Perseverance Theatre founder looks back on her first production

Posted: Friday, December 12, 2003

Midway through rehearsals for the first production of "Pure Gold," almost 25 years ago, director and Perseverance Theatre founder Molly Smith was convinced the play would be a disaster.

"I had these great storytellers and I thought they were awful," said Smith, now the Artistic Director at ArenaStage, a not-for-profit American theater playhouse in Washington, D.C. "I didn't realize until we had completed the show and put it in front of an audience that they were terrific. What they were missing was that they were telling the same stories over and over again to me. Real storytellers need an audience."

"Pure Gold," the same "reader's theater" story with six new stars, returns for one showing at 7 p.m. today at Centennial Hall in honor of the 25th anniversary of Perseverance Theatre. After the show, Panhandle Crabgrass Revival Band will play a 21-and-over show. There will be a beer garden with 1978 prices, courtesy of Alaskan Brewing Co.

"One of the things that made Perseverance Theatre strong is the way it started, with a play about Juneau," Smith said. "It taught me a lot about resilience, community, perseverance, the spirit of adventure. It taught me that it's all right to be a character and, as a matter of fact, it's preferable for living a safe and normal life."

By Smith's account, the original "Pure Gold" was a success. Sixty people showed up for the premiere at McPhetres Hall. The audience grew to 75 and 100 for the next two shows. By the third week of production, the line for admission stretched down the block.

"What we had was this powerful chord with people who had come to Alaska and were searching for those Alaska icons," Smith said. "It ended up being a production where we felt like we were listening to our grandparents tell us a story about the way it was."

Smith moved to Juneau in 1968 and returned to town in 1979 when her then-husband, Bill Ray Jr., completed his stint at the U.S. Naval Academy in Annapolis, Md. She directed "The Miracle Worker," a play about Helen Keller, at the Juneau-Douglas Little Theatre, and was looking for a play with which she could begin her own theater. Smith knew she wanted to direct a story with senior citizens.

"My sister, Bridget, and I were out walking in the woods and we started talking about finding something important that would start Perseverance," Smith said. "We were talking about how great it would be to go out and interview people who had lived in Alaska for years and years. What was it like in the past? What's enduring? What does that say about the energy of Alaska."
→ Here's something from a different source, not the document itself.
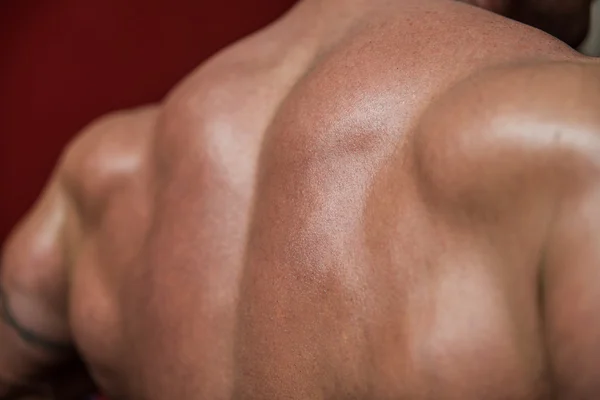 Muskulöser Rücken — Stockfoto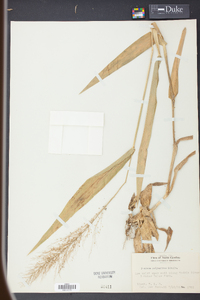 Panicum polyanthes image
Smith combed Southeast, asking around to find out who were the best storytellers in the area. She compiled a list of 50 to 60 people and interviewed 35 for one to four hours. Smith and Susi Gregg Fowler compiled the composite stories into a reader's theater script. Smith cast six storytellers from the 35 interviewees: Les Parker, Bill Biggs, Bertha Goetz, Mamie Jensen, Cecelia Kunz and Mike Zamora.
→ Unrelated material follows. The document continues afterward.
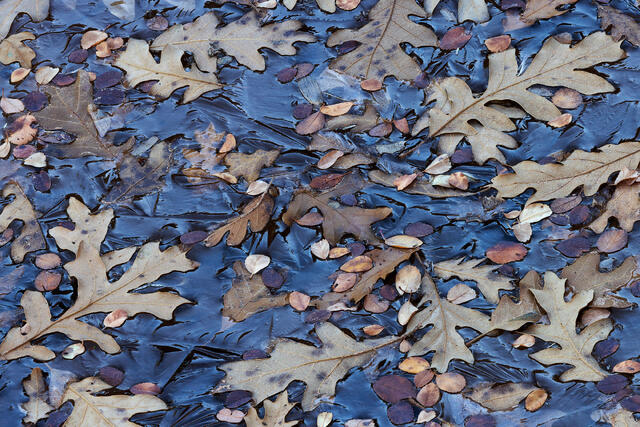 Oaks on Ice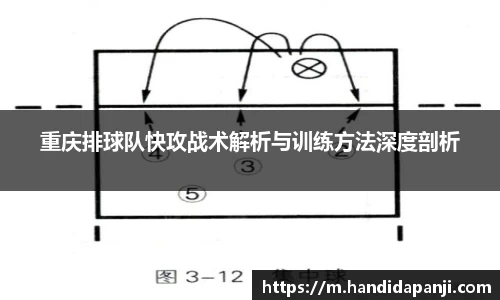 333体育官网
The new cast includes Kai Augustine, Percy Martin, Tom Stewart, Pat Denny (co-stage manager for the show in 1979), George Rogers (who took over for Les Parker after the premiere) and Kay Smith (Molly Smith's mother).

Molly and Kay Smith borrowed $10,000 from Kitty Mullins - Kay Smith's mother - to renovate Mike Race's bar in Douglas into an 82-seat theater and begin Perseverance (then called Miracle Theatre) in 1979.

"We promised we would pay her back in a year and, if we didn't, we would take $50 a month and pay her back," Molly Smith said. "We paid her back, with interest, in less than a year."